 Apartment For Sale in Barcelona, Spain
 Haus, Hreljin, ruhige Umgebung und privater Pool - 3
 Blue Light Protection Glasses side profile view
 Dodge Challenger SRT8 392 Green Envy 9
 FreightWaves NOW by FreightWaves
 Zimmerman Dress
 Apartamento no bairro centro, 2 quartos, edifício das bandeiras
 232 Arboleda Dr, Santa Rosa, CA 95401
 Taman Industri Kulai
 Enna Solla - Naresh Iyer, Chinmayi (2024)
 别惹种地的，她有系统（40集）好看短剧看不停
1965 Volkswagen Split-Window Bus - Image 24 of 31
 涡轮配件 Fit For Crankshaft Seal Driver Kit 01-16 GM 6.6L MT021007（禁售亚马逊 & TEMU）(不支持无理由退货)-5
•••••
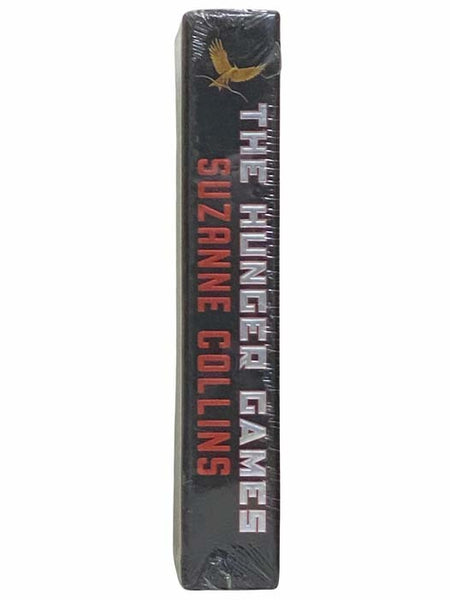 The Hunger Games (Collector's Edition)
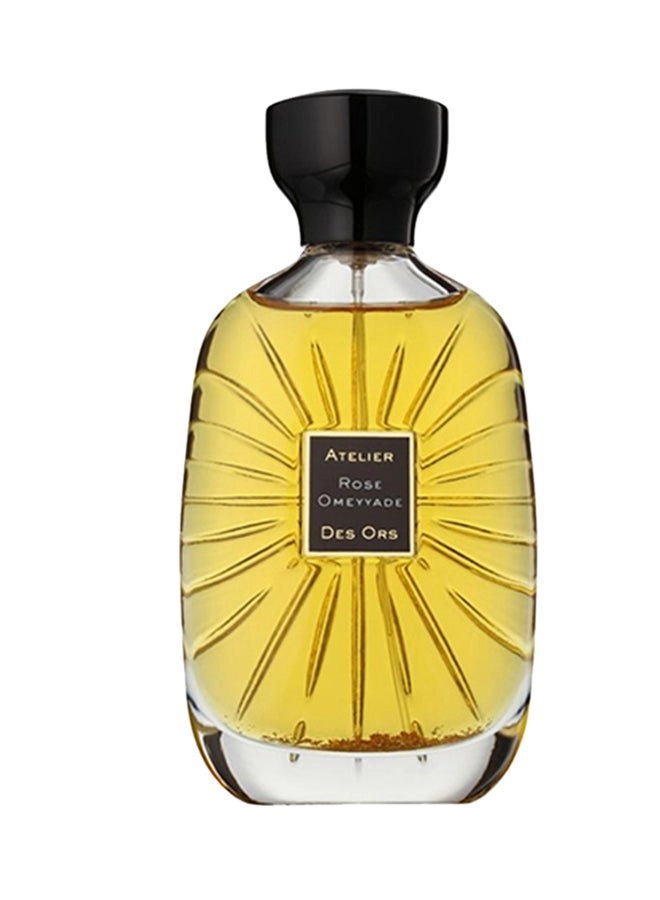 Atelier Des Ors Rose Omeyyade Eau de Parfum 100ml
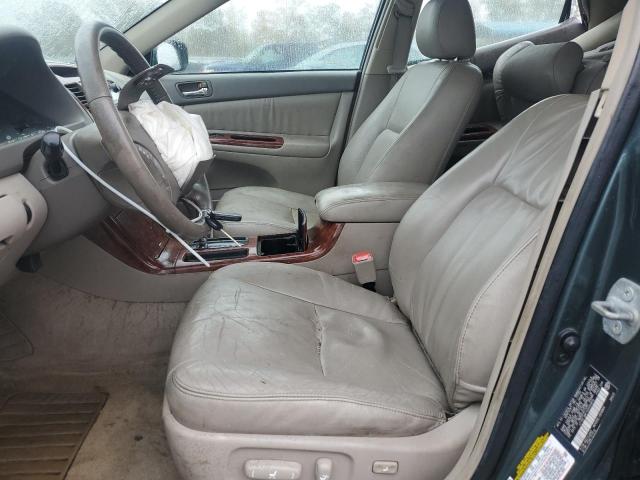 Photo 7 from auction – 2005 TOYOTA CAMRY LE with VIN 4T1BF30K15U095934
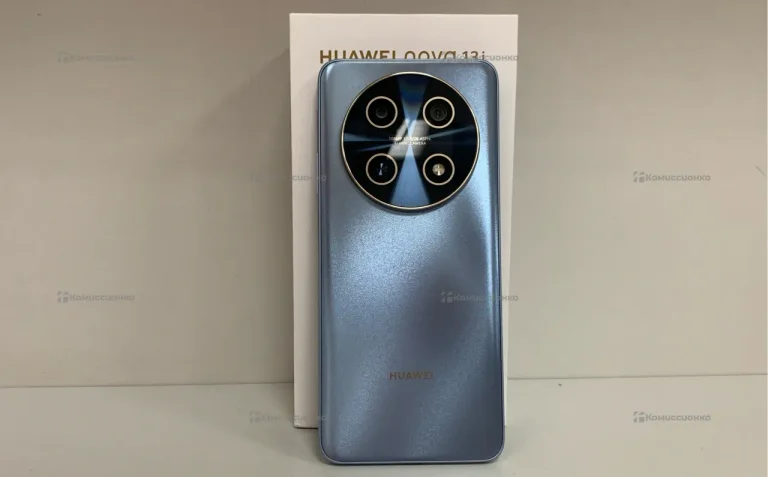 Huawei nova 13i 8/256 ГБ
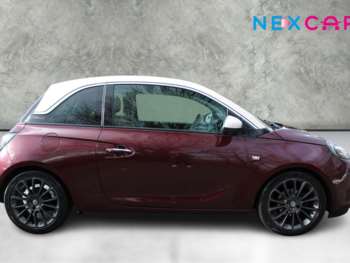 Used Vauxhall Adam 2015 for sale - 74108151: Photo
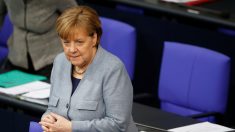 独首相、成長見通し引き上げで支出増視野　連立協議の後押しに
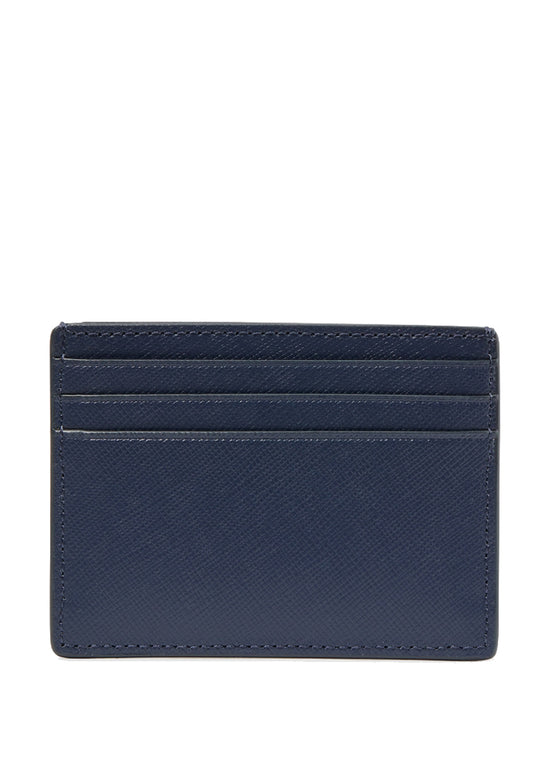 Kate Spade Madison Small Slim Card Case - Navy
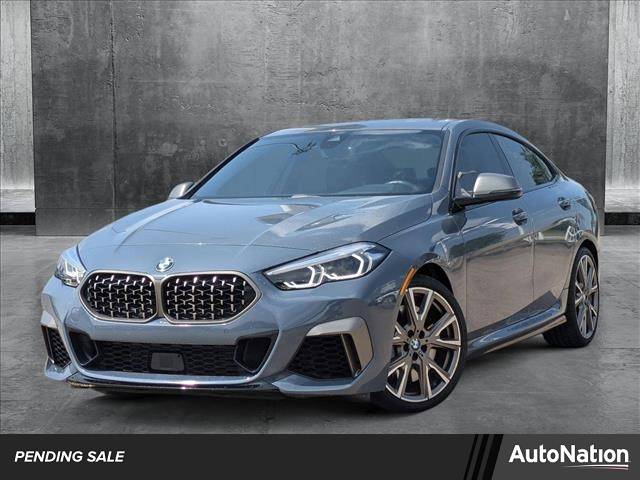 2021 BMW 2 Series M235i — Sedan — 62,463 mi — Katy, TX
•••••
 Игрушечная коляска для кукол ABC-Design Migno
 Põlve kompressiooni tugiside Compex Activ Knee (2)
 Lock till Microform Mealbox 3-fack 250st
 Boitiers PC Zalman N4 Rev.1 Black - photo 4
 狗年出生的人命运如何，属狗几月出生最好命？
•••••
▶ **WHAT THE TASK ASKS**:
Since the pictures are not part of the copy, please transcribe only the lines above from the one with "Kate Spade Madison" through the one with "2021 BMW 2 Series", exactly and with both ends.

▶ **WRITTEN ANSWER**:
 Kate Spade Madison Small Slim Card Case - Navy
 2021 BMW 2 Series M235i — Sedan — 62,463 mi — Katy, TX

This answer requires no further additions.